(RNS) — “Let our people go!” reads a statement shared over the weekend by the Wesleyan Covenant Association, a network of theologically conservative United Methodists.
While the phrase might be borrowed from Moses in the Book of Exodus, the WCA is not exactly calling for a series of escalating plagues.
Nevertheless, the outcry is not without threat.
The organization is calling for churches to stop paying dues, or apportionments, to regional annual conferences it believes are making disaffiliation for churches difficult to impossible amid the United Methodist Church’s slow-moving schism, largely over the ordination and marriage of LGBTQ members.
Those apportionments, determined by each annual conference, fund bishops’ salaries and support the work of the mainline Protestant denomination around the world.

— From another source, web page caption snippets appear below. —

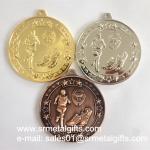 Cheap blank metal sports medal with ribbon lace, gold basketball blank medals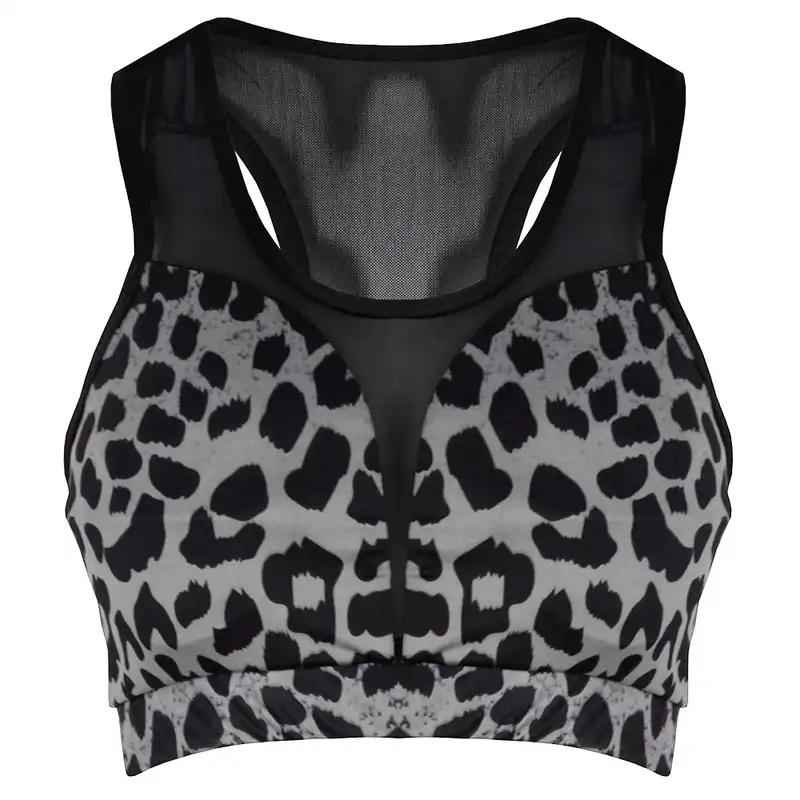 نیم تنه ورزشی زنانه مدل 268001015 اسپندکس رنگ خاکستری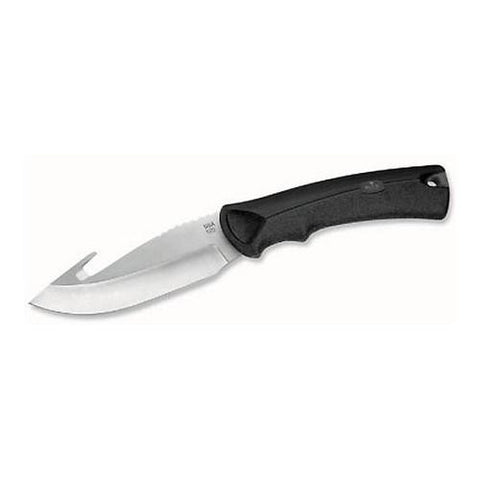 BuckLite MAX - Large, 4" Plain Blade with Guthook, Black Textured Alcryn Rubber Handle, Boxed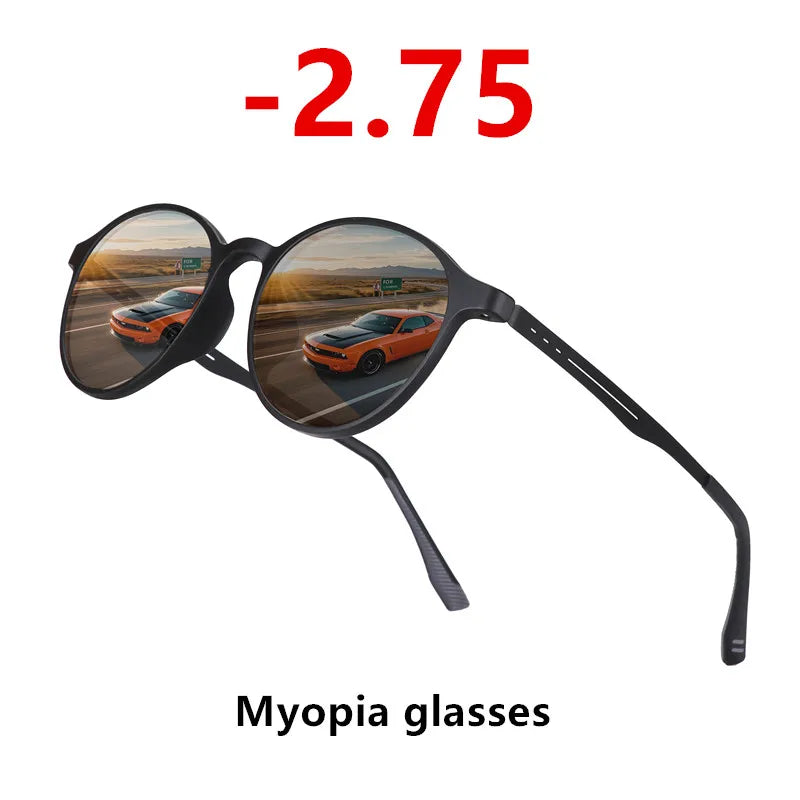 Ultralight Titanium Small Round Frame Men Anti-blue light Myopia Glasses Sunglasses Trend Wild Nearsighted Sun Glasses -1.0~-6.0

“I think as long as a church continues to send money to the people who are holding them captive and not allowing them to disaffiliate under fair terms, they’re continuing to fund the misbehavior — and it’s time to stop doing that,” the Rev. Jay Therrell, president of the WCA, told Religion News Service.
Therrell announced Friday (Aug. 12) that the association was calling on conservative members of United Methodist churches to lead their church councils to immediately begin withholding apportionments from 19 of the denomination’s 53 annual conferences.

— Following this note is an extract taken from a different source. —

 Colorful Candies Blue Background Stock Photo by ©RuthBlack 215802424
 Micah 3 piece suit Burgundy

Those conferences include Baltimore-Washington, California-Nevada, California-Pacific, Eastern Pennsylvania, Florida, Greater New Jersey, Illinois Great Rivers, Louisiana, Michigan, Missouri, Mountain Sky, New England, Northern Illinois, Oregon-Idaho, Peninsula-Delaware, South Carolina, Susquehanna, West Virginia and Western Pennsylvania.
Members of other annual conferences wishing to show their solidarity should consider withholding their apportionments to the denomination’s episcopal fund, which pays its bishops, according to Therrell’s statement.
The WCA president wrote that the 19 annual conferences are adding “onerous and punitive requirements” to disaffiliation provisions in the denomination’s rulebook, the Book of Discipline. He told RNS such efforts range from requiring churches to pay more than two years of apportionments to requiring them to complete a six-month discernment period before they can move to disaffiliate.
“We would simply ask them to follow the golden rule: to treat these churches that wish to disaffiliate the way they would want to be treated if they were trying to disaffiliate,” Therrell said.
The Book of Discipline allows through 2023 for churches wishing to leave the denomination over its stance on sexuality to take their properties with them after paying two years of apportionments and pension liabilities. Those provisions were added to the Book of Discipline by General Conference delegates in 2019 alongside legislation called the Traditional Plan that strengthened the denomination’s language barring the ordination and marriage of LGBTQ United Methodists.